Il est d’ailleurs (agréablement) surprenant qu’un article de droit se soit immiscé dans un ouvrage de sciences humaines. Dans « Reprise da capo à la Cour suprême. L’affaire Payment (1932-1936) », Pierre Issalys analyse l’origine et les répercussions des démêlés judiciaires qui ont eu cours durant quatre ans à la suite des résultats douteux de l’édition de 1932. L’arrêt Académie de musique de Québec c. Jules Payment aura servi de jurisprudence dans d’autres causes québécoises et aura même préparé un tournant capital dans l’évolution du droit administratif.

L’article de Claudine Caron est également particulièrement intéressant car il relève avec précision les liens nombreux et diversifiés unissant le Prix d’Europe et Léo-Pol Morin, pianiste et musicographe. Récipiendaire de la seconde édition du Prix d’Europe, Morin a fait partie du jury vingt ans plus tard (il est d’ailleurs directement impliqué dans l’affaire Payment). Il a également préparé certains de ses élèves de piano au concours et il a agi comme commentateur (voire critique) du Prix tout au long de sa carrière journalistique.

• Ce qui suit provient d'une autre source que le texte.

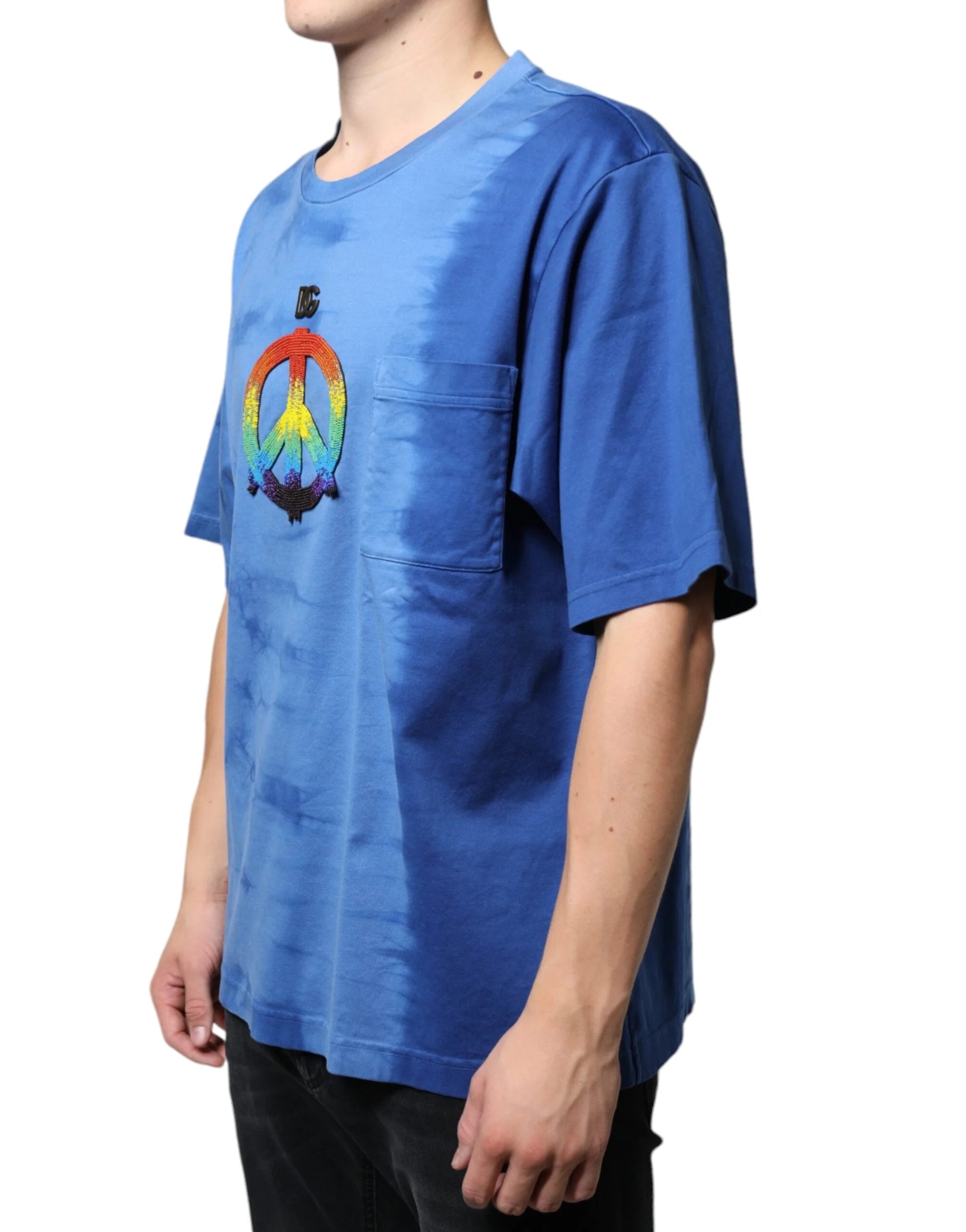 Dolce & Gabbana Blue Tie-Dye Peace Sign Cotton T-shirt - IT52 | XL - T-Shirts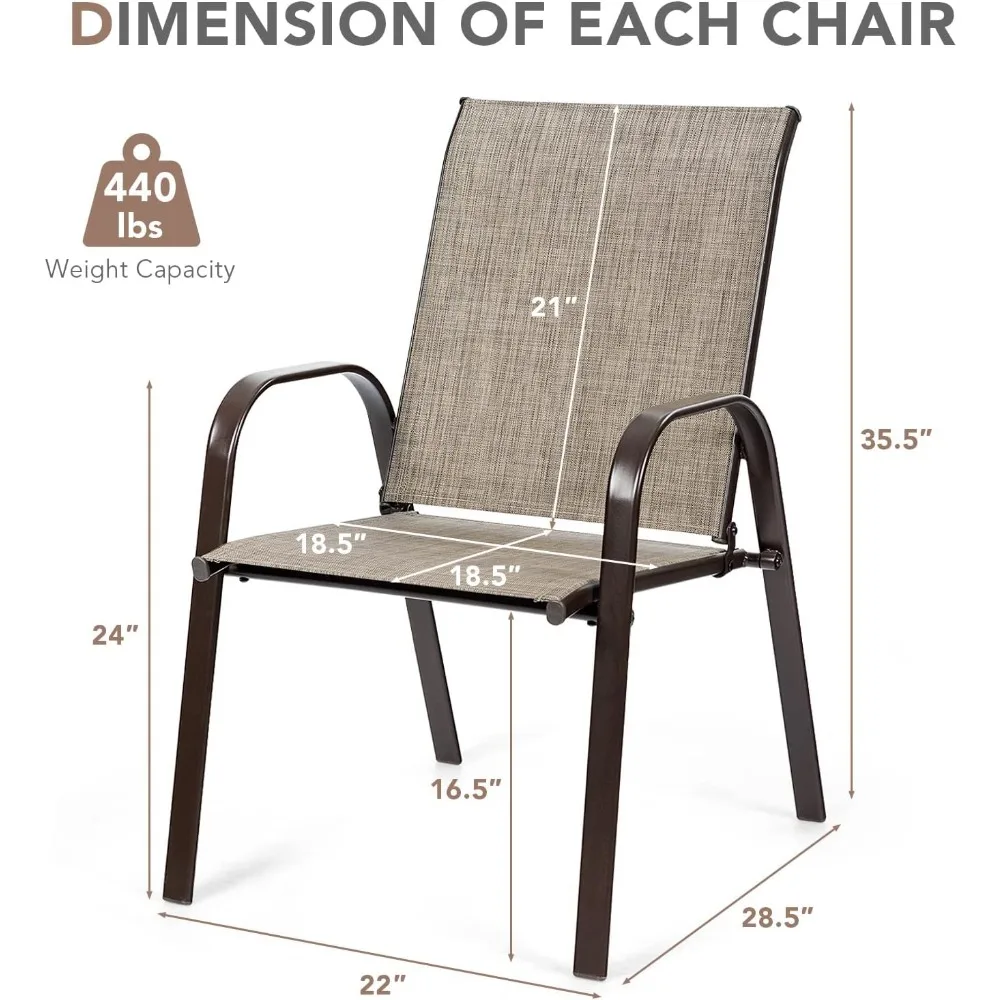 قطعتان من كراسي تناول الطعام في الفناء، كراسي بيسترو خارجية مع مساند للذراعين منحنية، قماش سهل الجفاف، إطار فولاذي معزز، عريض #3
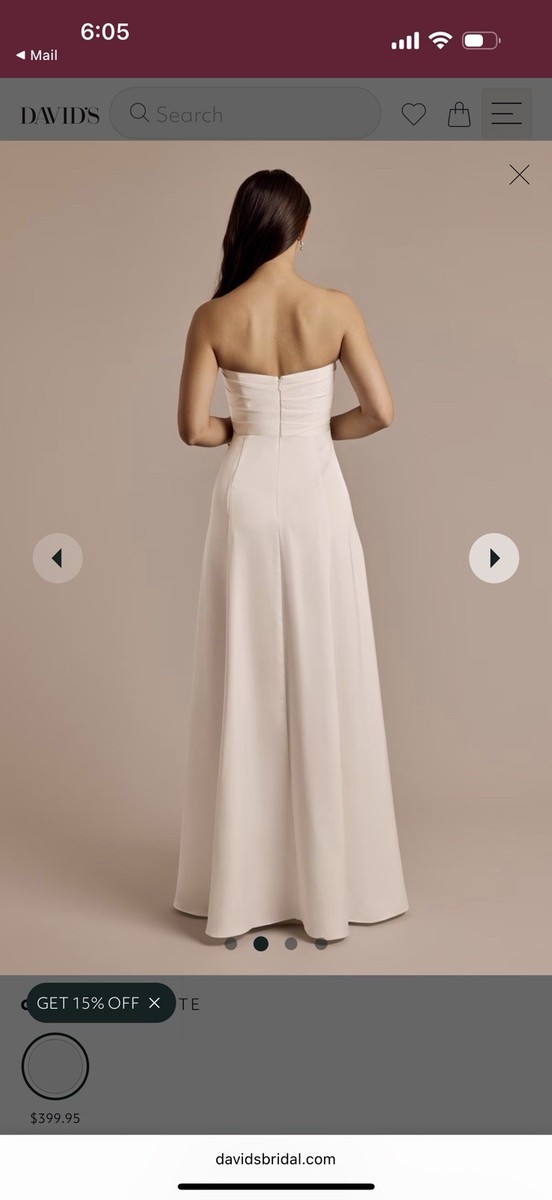 David’s Bridal Size Matte Satin Sculpted Bodice A-Line Wedding Dress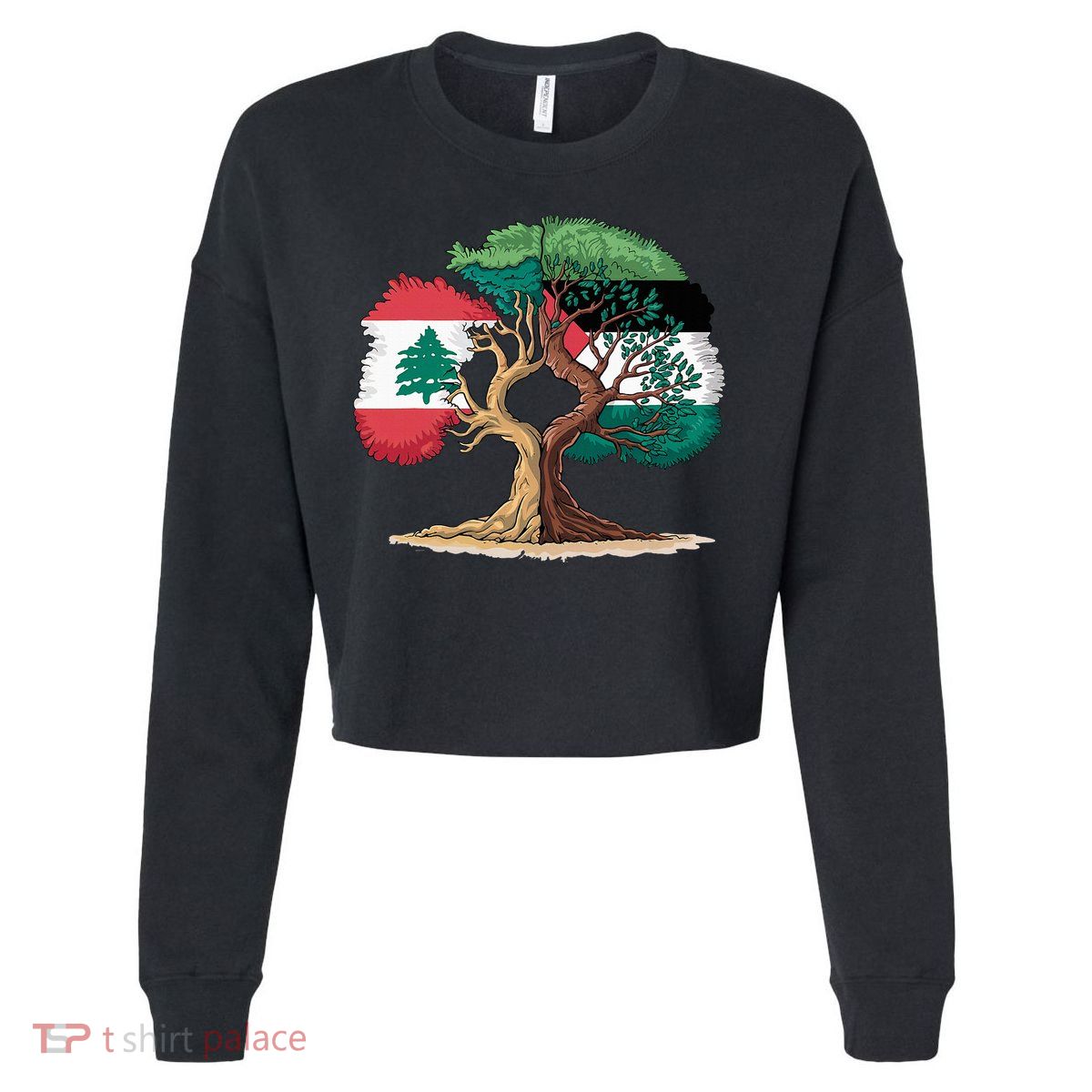 Lebanon Palestine Flag Lebanese Palestinian Cropped Pullover Crew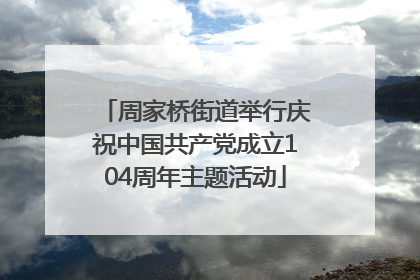 周家桥街道举行庆祝中国共产党成立104周年主题活动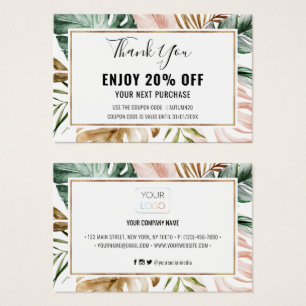Summer Tropical Leaves Discount Coupon Card
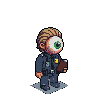 Surreal City Worker with Giant Green Eye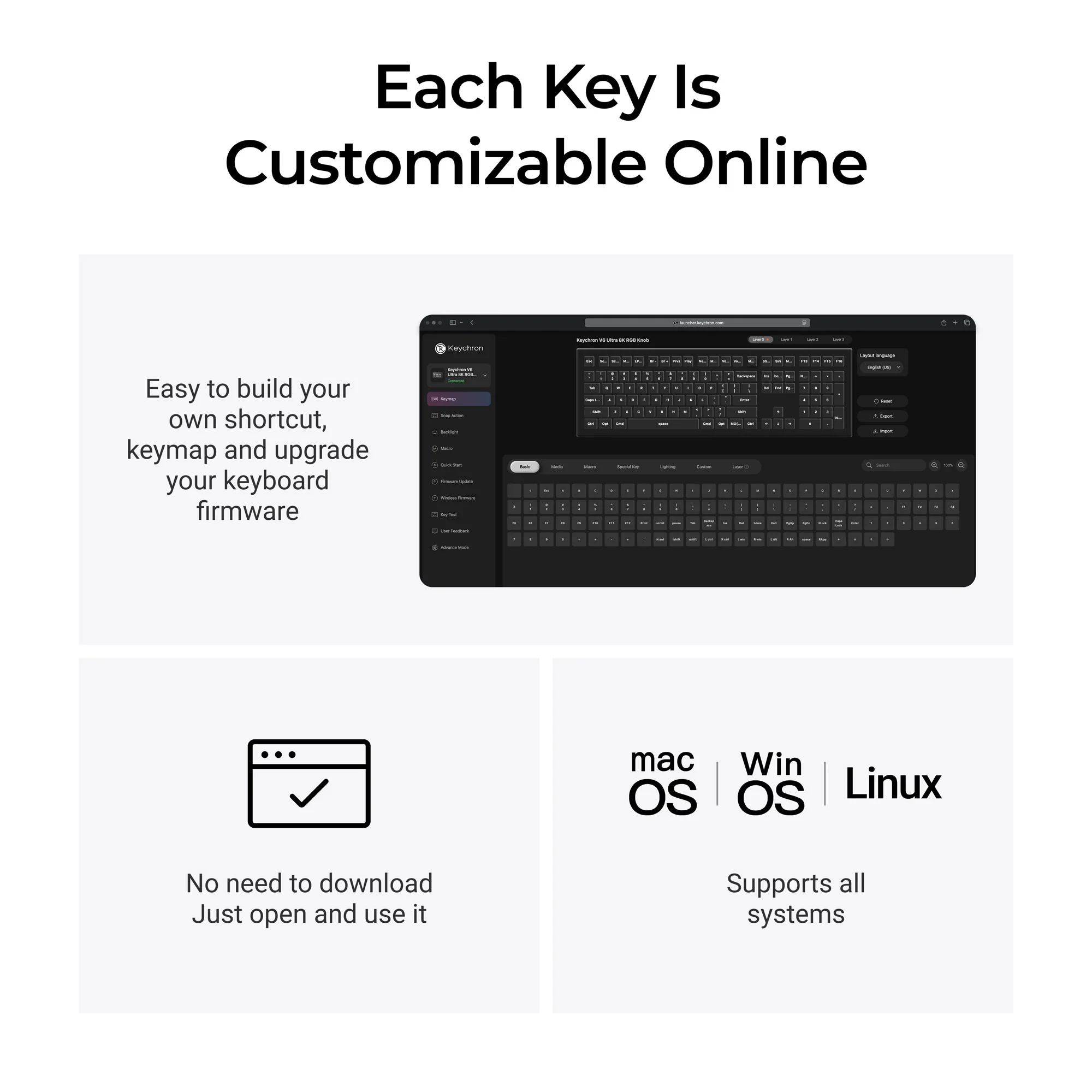Teclado mecánico personalizado inalámbrico Keychron V6 Ultra 8K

Une organisation bien orchestrée du livre et un travail d’édition soigné – malgré un manque d’uniformisation dans le style des auteurs – a permis de couvrir plusieurs aspects du concours tout en évitant les redites. Mireille Barrière, par exemple, a analysé l’origine du Prix, tandis que Fernande Roy s’est attardée à la place des femmes et Ariane Couture s’est concentrée sur le volet composition. Comme le sous-titre le suggère, la plupart des articles étudient les différentes facettes du concours jusqu’à la fin des années 1960. Ce choix s’est probablement imposé car Bibliothèque et Archives nationales du Québec contient les archives de l’Académie de musique de Québec – l’association qui administre le concours depuis sa fondation – jusqu’en 1971. Toutefois, certains auteurs outrepassent cette limite temporelle. C’est ainsi qu’Ariane Couture aborde brièvement la création en 2009 du Prix [bisannuel] de composition Fernand-Lindsay, surnommé le Prix d’Europe en composition.

Ce livre a le mérite d’avoir savamment analysé les soixante premières années du Prix d’Europe. Comme le mentionne Mireille Barrière dans son introduction (p. 8), l’ouvrage n’épuise pas les recherches sur le sujet, bien au contraire, mais il propose une contribution notable à l’historiographie des politiques culturelles du Québec.